[The data Boundary: Start]

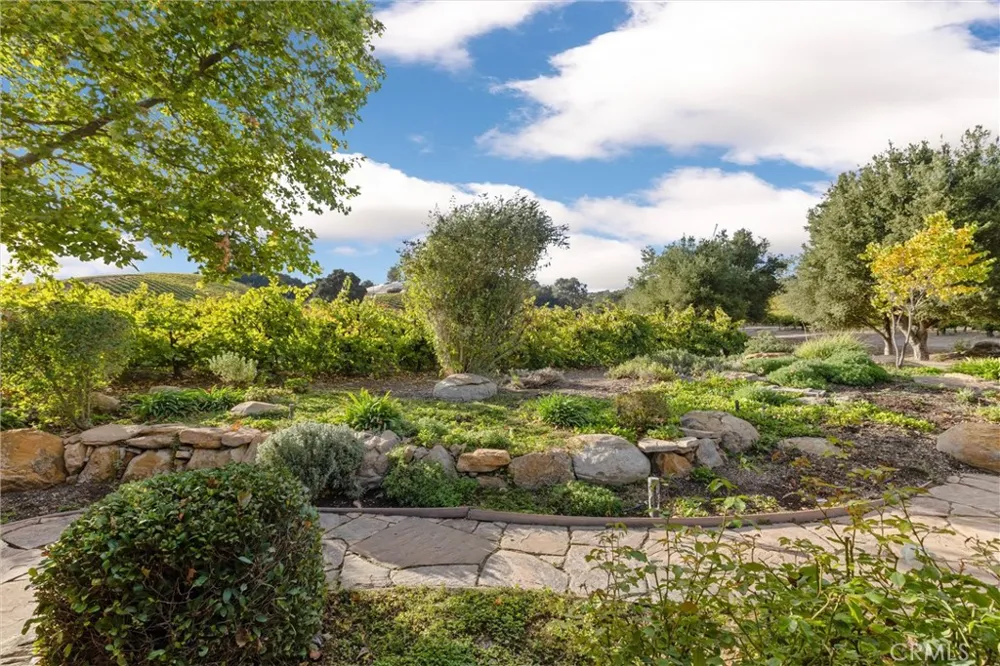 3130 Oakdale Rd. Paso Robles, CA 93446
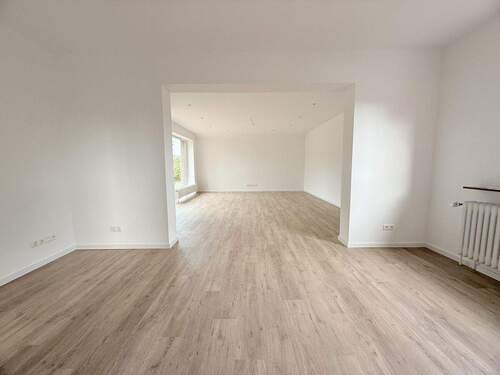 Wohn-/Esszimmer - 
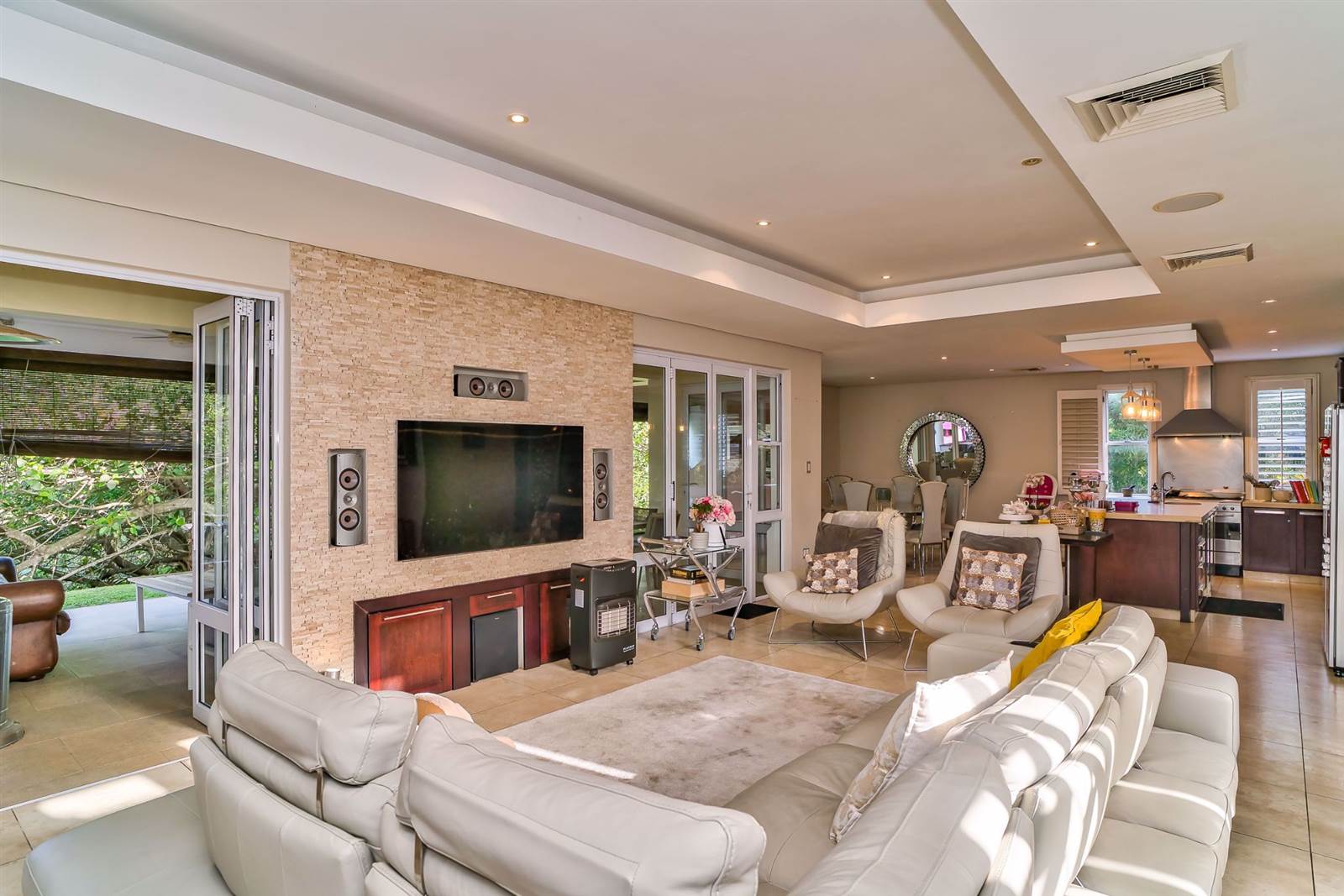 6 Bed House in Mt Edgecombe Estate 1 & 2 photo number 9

[The data Boundary: End]

Task goal:
The listing above must be retyped word for word, without the pictures.

Task result:
 3130 Oakdale Rd. Paso Robles, CA 93446
 Wohn-/Esszimmer - 
 6 Bed House in Mt Edgecombe Estate 1 & 2 photo number 9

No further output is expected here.